**Goal of the exercise:** Starting at the line that contains "White Lilies in", transcribe each line exactly through the end of the data below, and skip any pictures.

[Opening Data shown section]

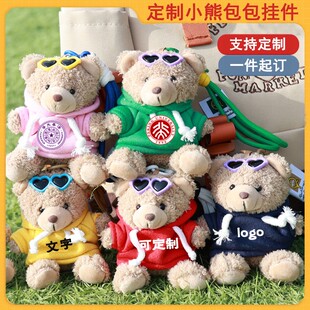 LOGO定制小熊玩偶公仔毛绒玩具挂件印字名字书包钥匙扣挂饰礼物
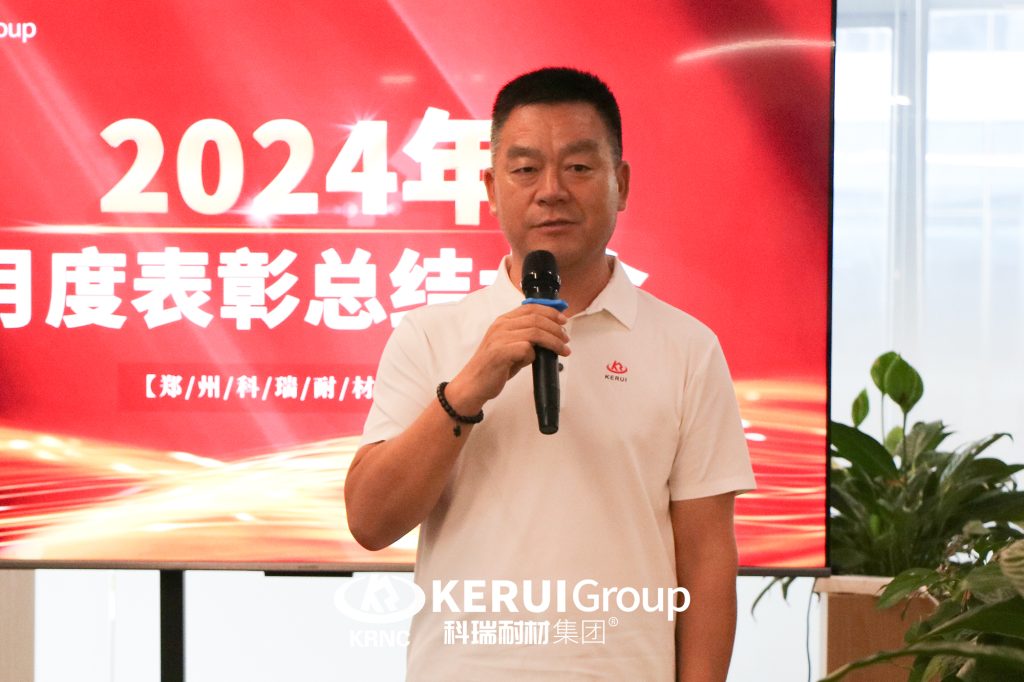 【乘风破浪·筑梦前行】满冠体育耐材举行8月月度总结暨表彰大会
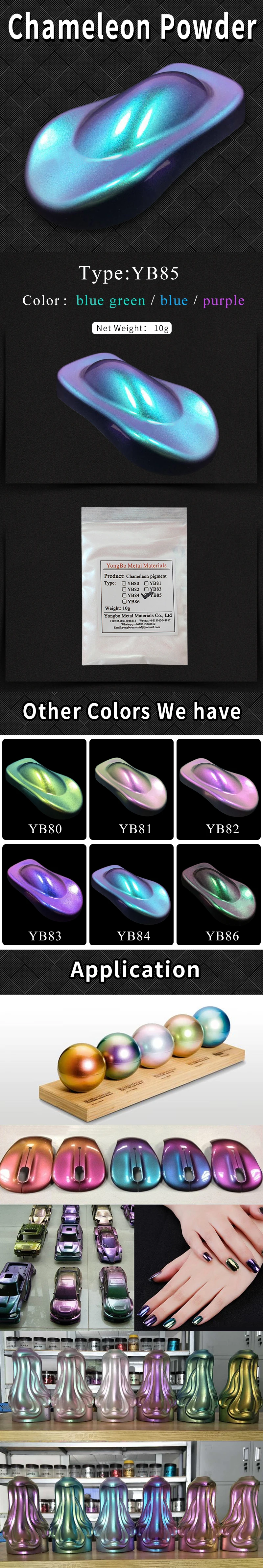 YB85 Хамелеон пигмент меняющий цвет для окрашивания автомобилей художественное искусство пластиковые Ногти украшения акриловая краска порошковое покрытие 10 г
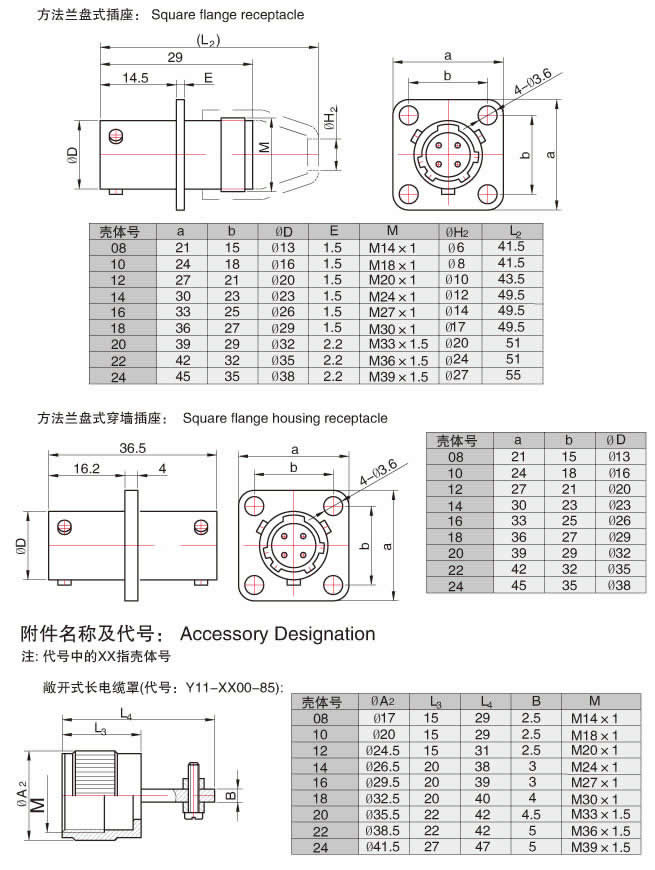 国产日韩精品欧美一区喷
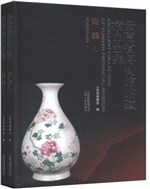 云南省博物馆馆藏精品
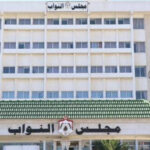 النواب يقر صيغة الرد على خطاب العرش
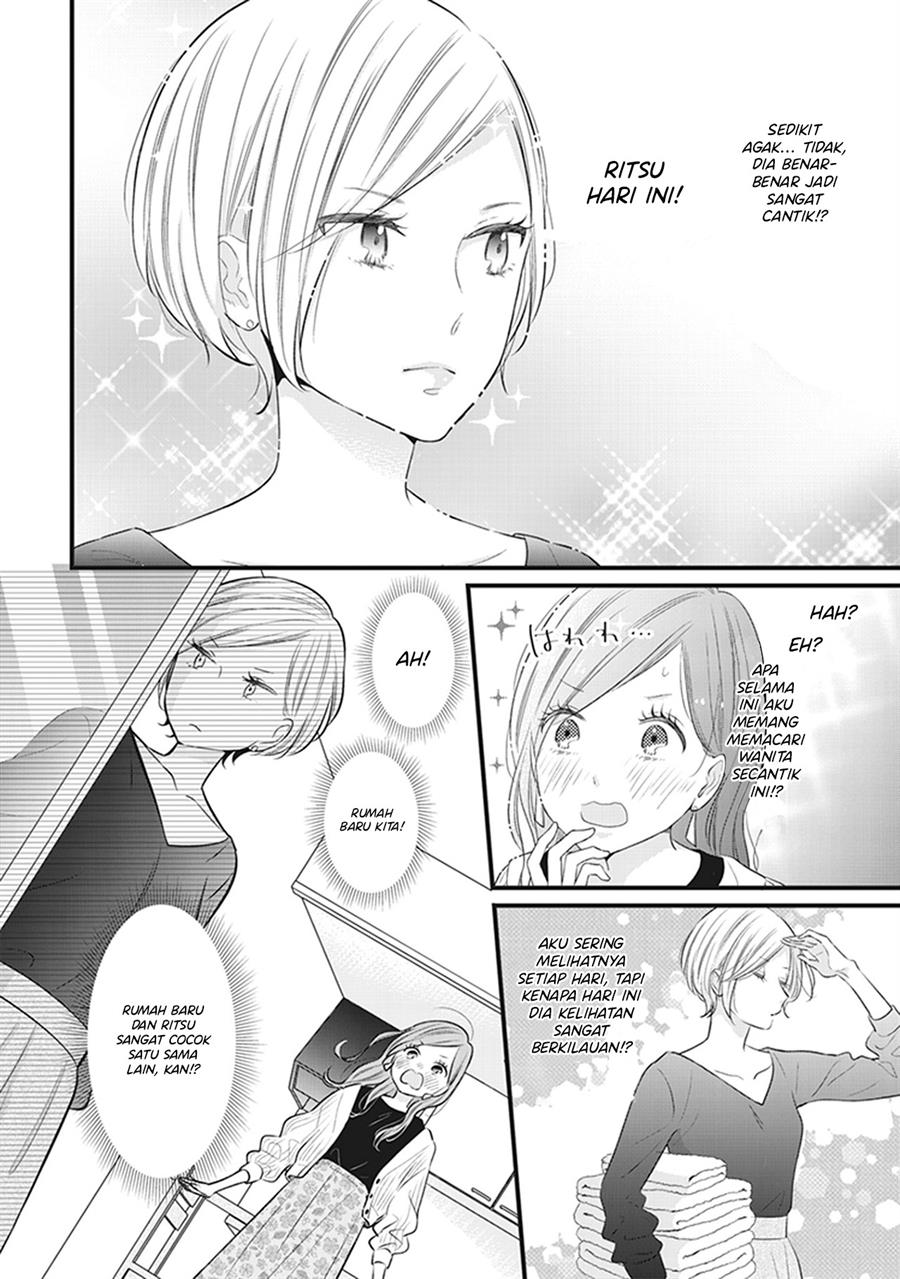 White Lilies in Love BRIDE’s Newlywed Yuri Anthology Chapter 2 Gambar 8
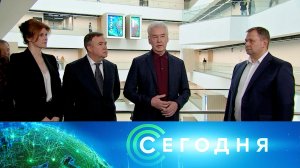 «Сегодня»: 24 апреля 2026 года. 08:00 | Выпуск новостей | Новости НТВ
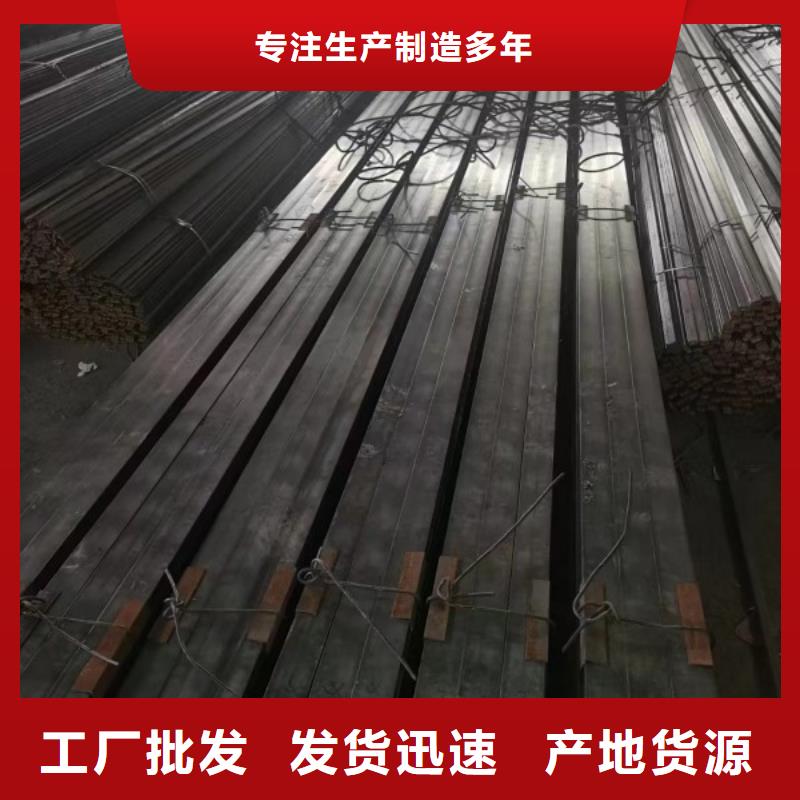 热轧方钢现货定做
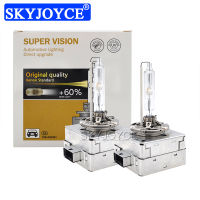 SKYJOYCE 35วัตต์55วัตต์ D3S ซีนอน HID หลอดไฟ D1S 6000พัน4300พัน8000พัน5000พัน D3S โลหะฐานกรงเล็บรถไฟหน้าโคมไฟ D1S D3S HID หลอดไฟซีนอน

[Closing Data shown section]

**Reply:**
 White Lilies in Love BRIDE’s Newlywed Yuri Anthology Chapter 2 Gambar 8
 «Сегодня»: 24 апреля 2026 года. 08:00 | Выпуск новостей | Новости НТВ
 热轧方钢现货定做
 SKYJOYCE 35วัตต์55วัตต์ D3S ซีนอน HID หลอดไฟ D1S 6000พัน4300พัน8000พัน5000พัน D3S โลหะฐานกรงเล็บรถไฟหน้าโคมไฟ D1S D3S HID หลอดไฟซีนอน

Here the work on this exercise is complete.